* [What needs to be done]: Please leave out pictures and print exactly the lines from the one that has "Phal. Pirate Picotee" through the last line of the material below.

Data section Block Start

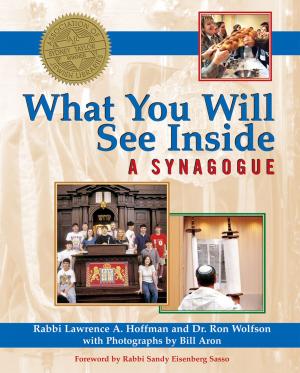 Book cover of What You Will See Inside a Synagogue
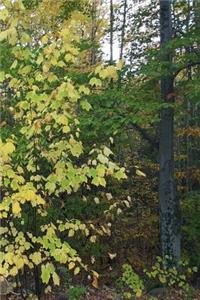 2019 Weekly Planner Autumn Yellow Leaves 134 Pages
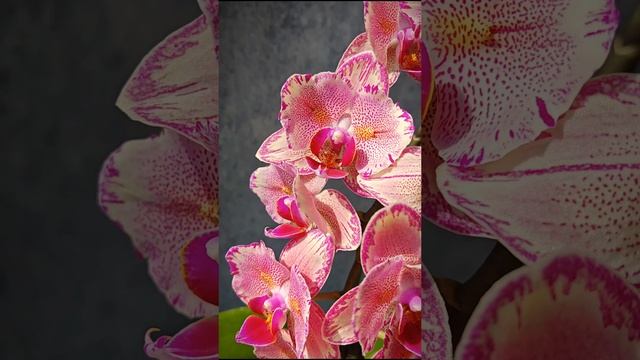Phal. Pirate Picotee 🦋 Шикарная орхидея Пират Пикоти бабочка в домашнем цветении 🌸 смотреть онлайн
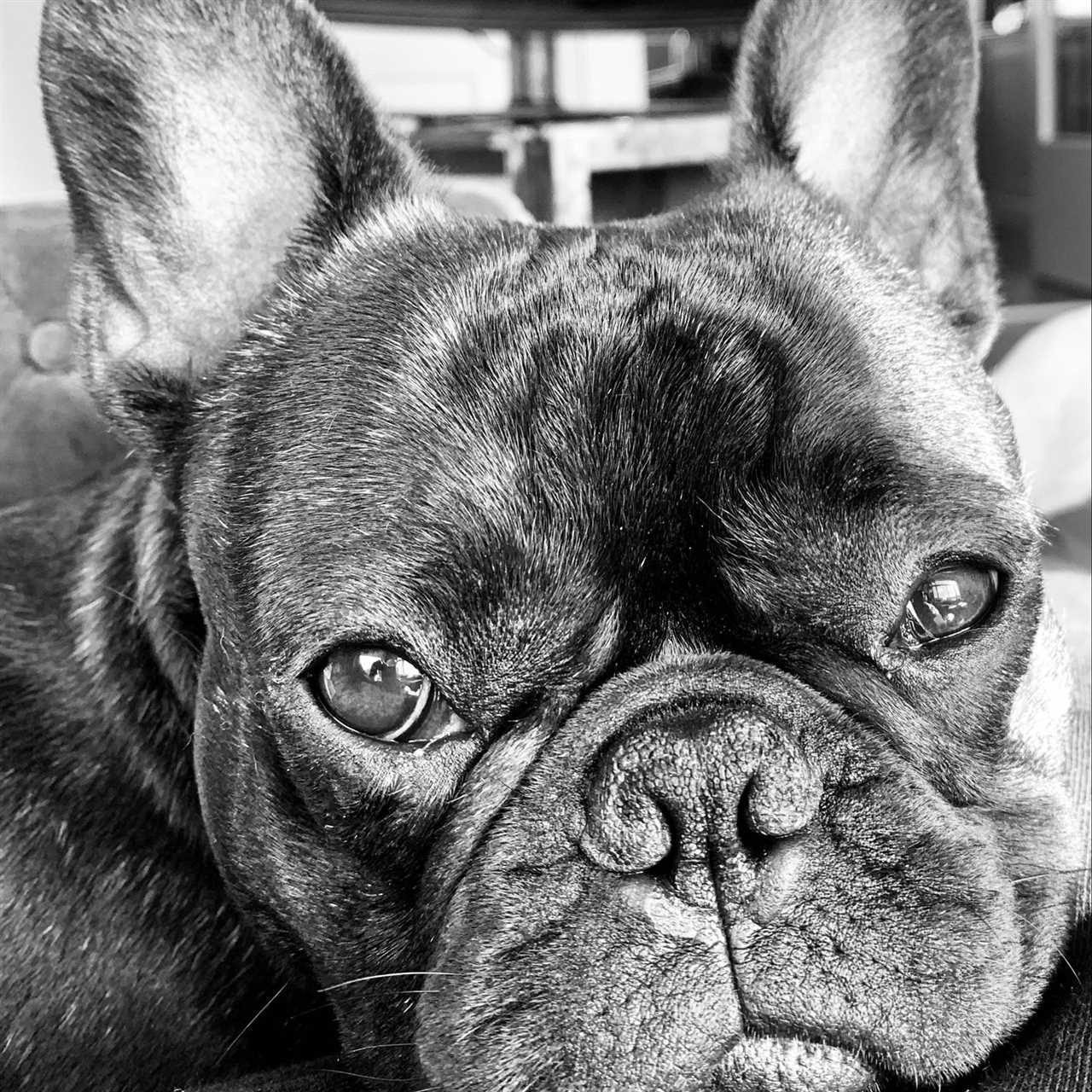 The Temperament of Full Grown Black and White French Bulldogs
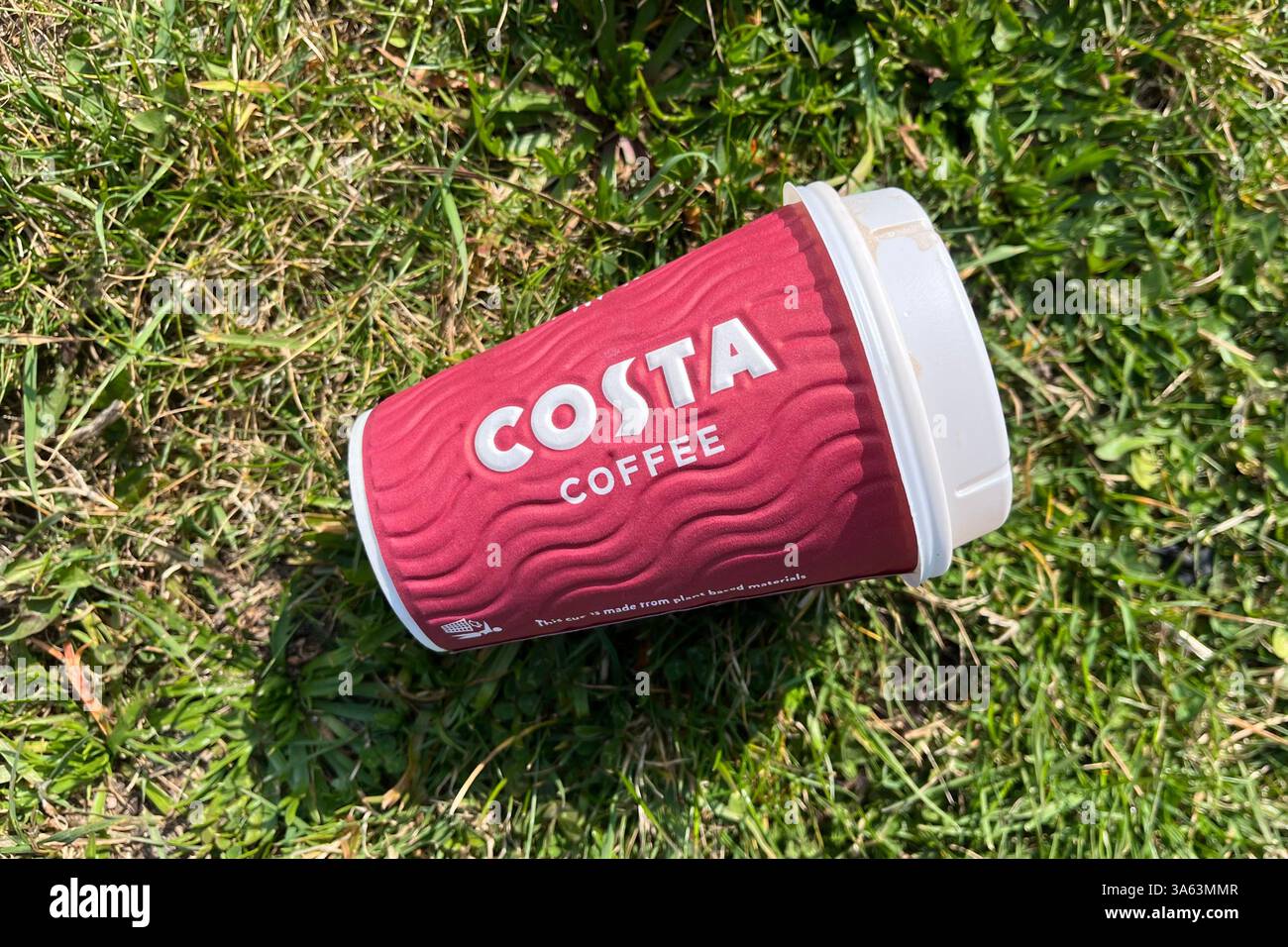 Costa Coffee Takeaway Cup lying on a patch of grass. 24th March 2025. - Smartphone Captured Stock Image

Data section Block End

* [Answer box]:
Phal. Pirate Picotee 🦋 Шикарная орхидея Пират Пикоти бабочка в домашнем цветении 🌸 смотреть онлайн
 The Temperament of Full Grown Black and White French Bulldogs
 Costa Coffee Takeaway Cup lying on a patch of grass. 24th March 2025. - Smartphone Captured Stock Image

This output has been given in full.